God of life and death and resurrection and hope and victory,

We come to you now, even as the storms once again rage against the shores of our country.  Even as the echoes of gunfire from above ring in our ears.  Even as the cries of our neighbors in Puerto Rico and Mexico, and other places around the world sound in our hearts.  Even now, O Lord, we come before you confessing that at times we feel overwhelmed and overcome.  Even though the earth hasn’t quaked in our corner of the world; even though our streets haven’t flooded in these days; even though the tragedy hasn’t been attached to the name of our town, we still carry this pain, and we don’t know what to do. 
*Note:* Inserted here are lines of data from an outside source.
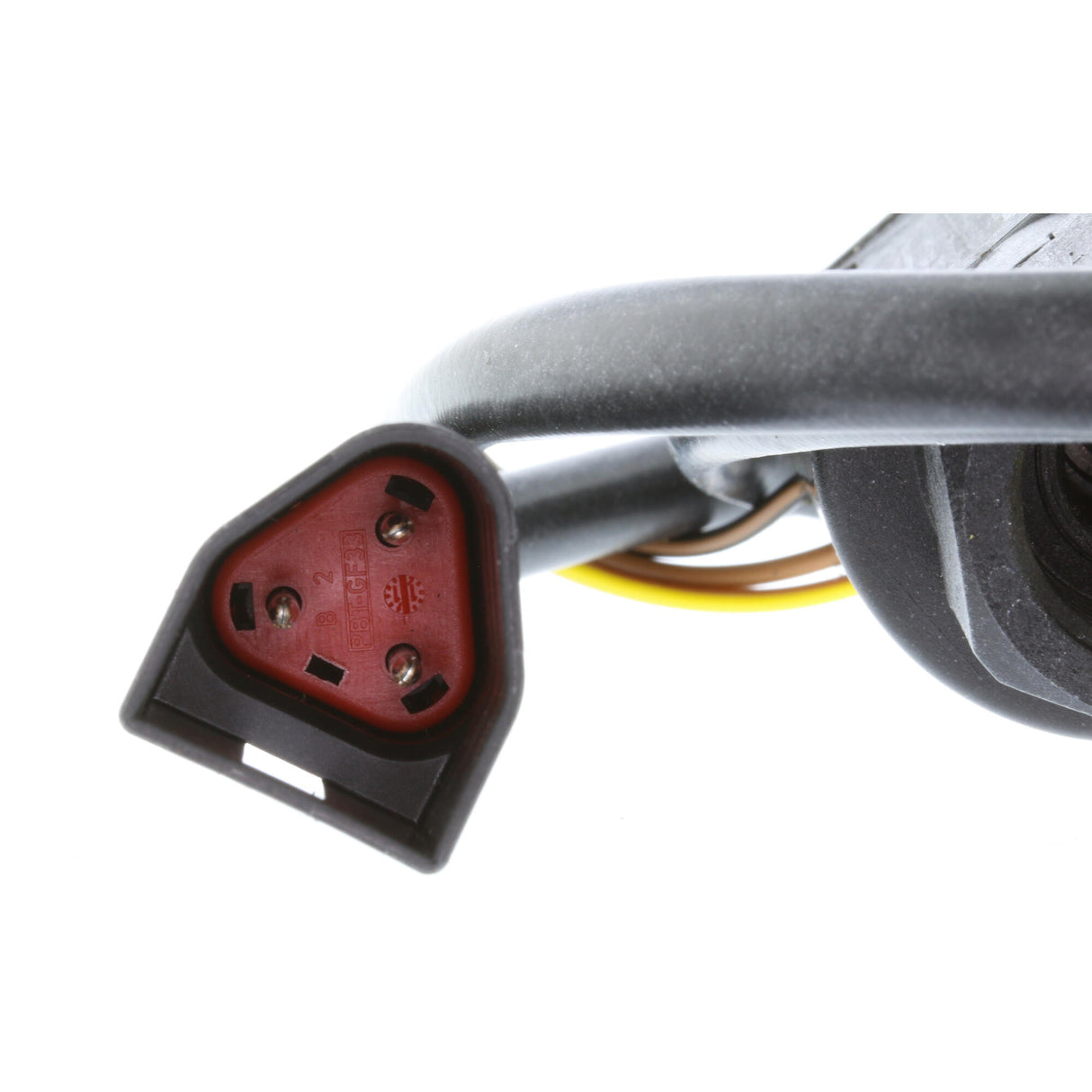 FORD sensor, crankshaft pulse  - VEMO V25-72-1065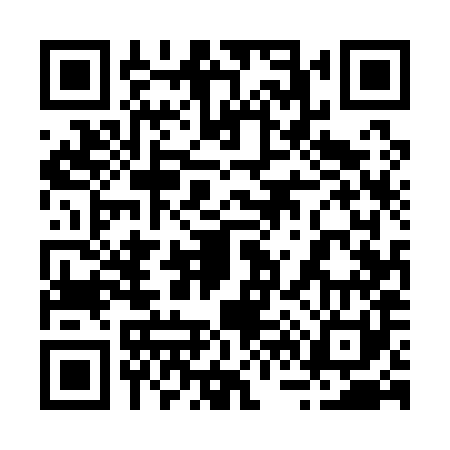 QR code for 265181N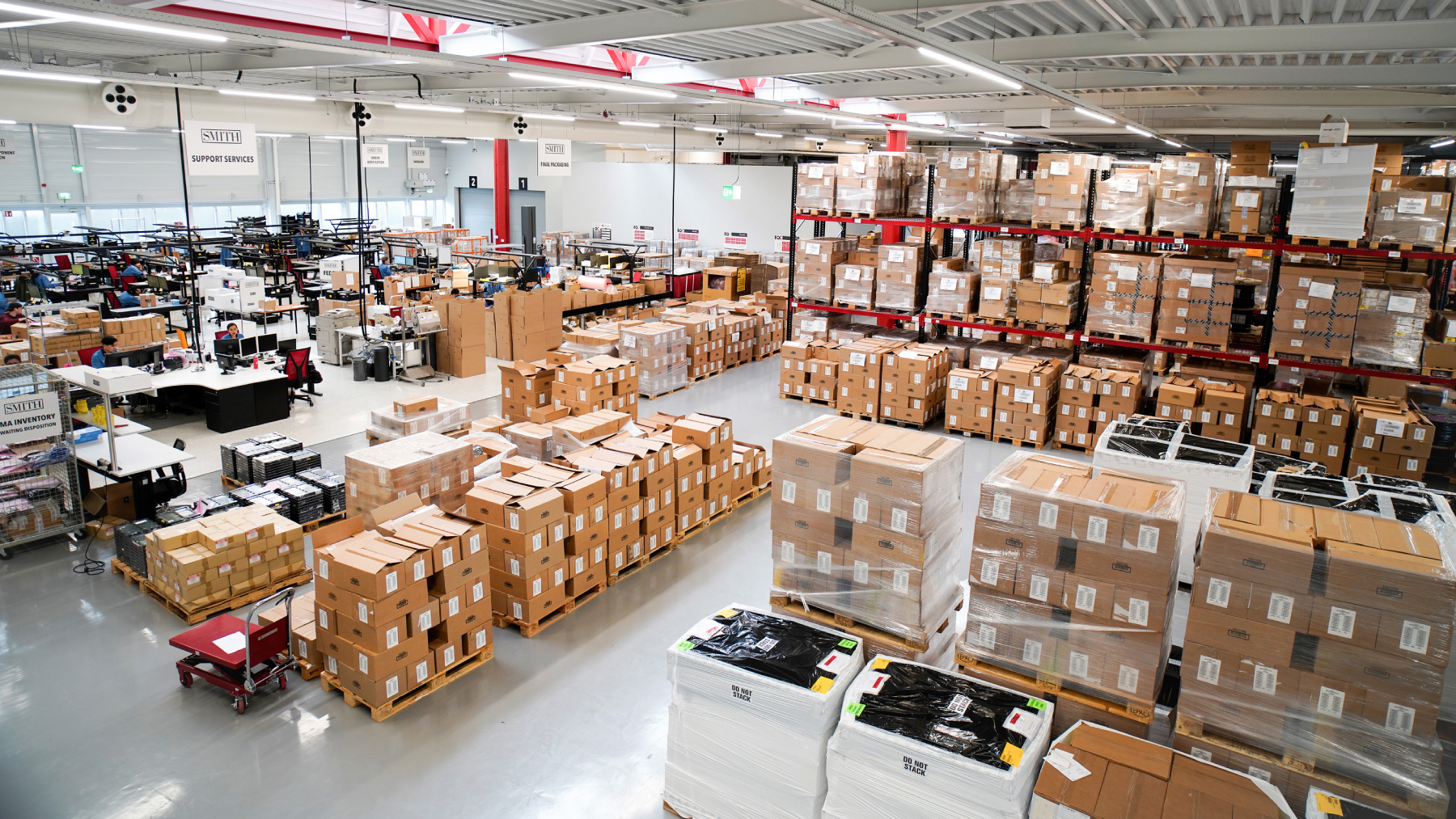 Images 62044062e7291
Show us, Lord, first of all, that you are indeed God.  Remind us again that you are our creator, and our redeemer, the healer of all brokenness and the very hope of the world. Rekindle that fire within us, that we might be able to nurture its small light and cause it to shine right where we are.  In all that we say and do, in our work and in our play and in our homes and in the marketplace, and wherever we are, help us to be a people who are constantly shining your light, trusting that you can cause that light to spread from State College to San Juan, from here to wherever it is that is shrouded in darkness.  And then, Lord, open us to your possibilities.  As we meet new people with real pain and real struggles, help us to see how you might be calling us to something more; something active.  If we need to listen, help us to listen.  If we need to work together, help us to build bridges that enable us to do so.  If we need to get busy, show us the ways in which we can begin to make a difference.  We long to live with an urgent focus on your great love, which has saved us and changed us, and which we believe will redeem every broken nook and cranny of this amazing and beautiful and broken world.  So hear our prayer, O Lord, for our own pain, for the pain of our neighbors here in our own places; and for the pain of our neighbors around the world.  Lord have mercy.  Christ have mercy.  Lord have mercy.  Amen.